Aim of the exercise. Leaving out the pictures, return word for word the stretch of entries below from the line holding "Asiatiska Pojkar Håller" through the line holding "टर्की पालेर भाग्य".

Source information.
---
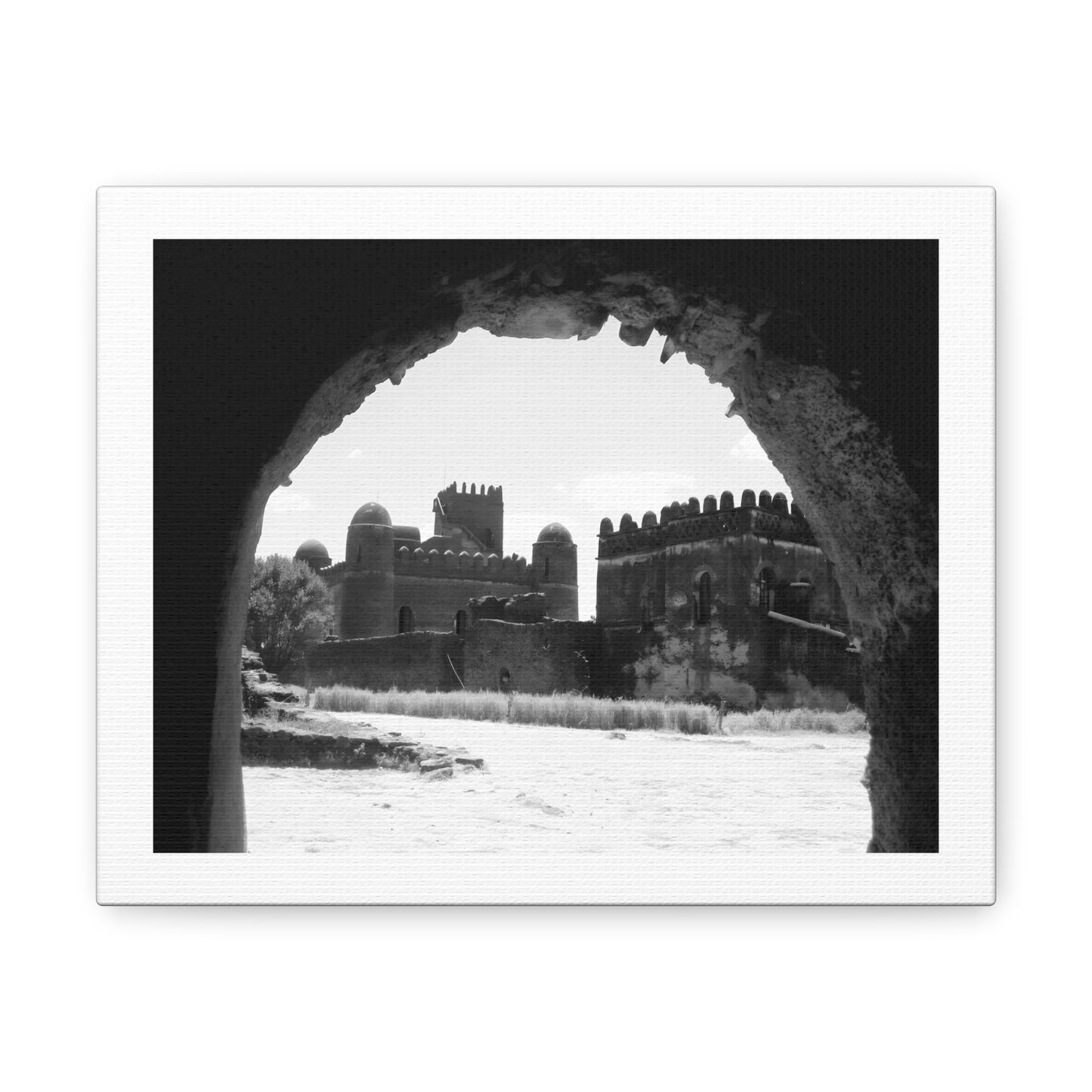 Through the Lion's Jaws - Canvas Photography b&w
---
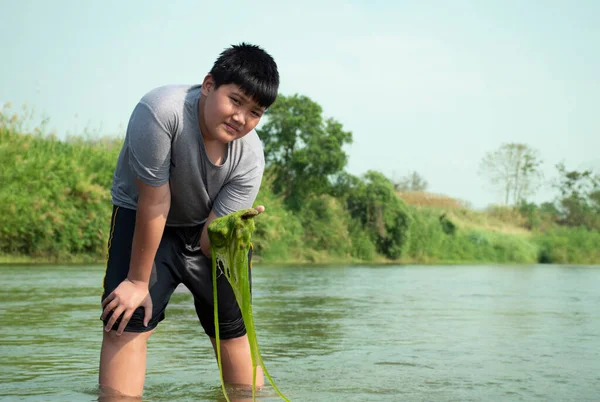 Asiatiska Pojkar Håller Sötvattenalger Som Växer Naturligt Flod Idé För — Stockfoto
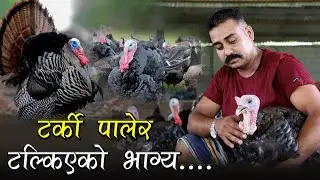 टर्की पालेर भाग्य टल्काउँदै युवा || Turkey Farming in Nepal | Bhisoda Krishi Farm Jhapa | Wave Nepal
---
Task result.
 Asiatiska Pojkar Håller Sötvattenalger Som Växer Naturligt Flod Idé För — Stockfoto
 टर्की पालेर भाग्य टल्काउँदै युवा || Turkey Farming in Nepal | Bhisoda Krishi Farm Jhapa | Wave Nepal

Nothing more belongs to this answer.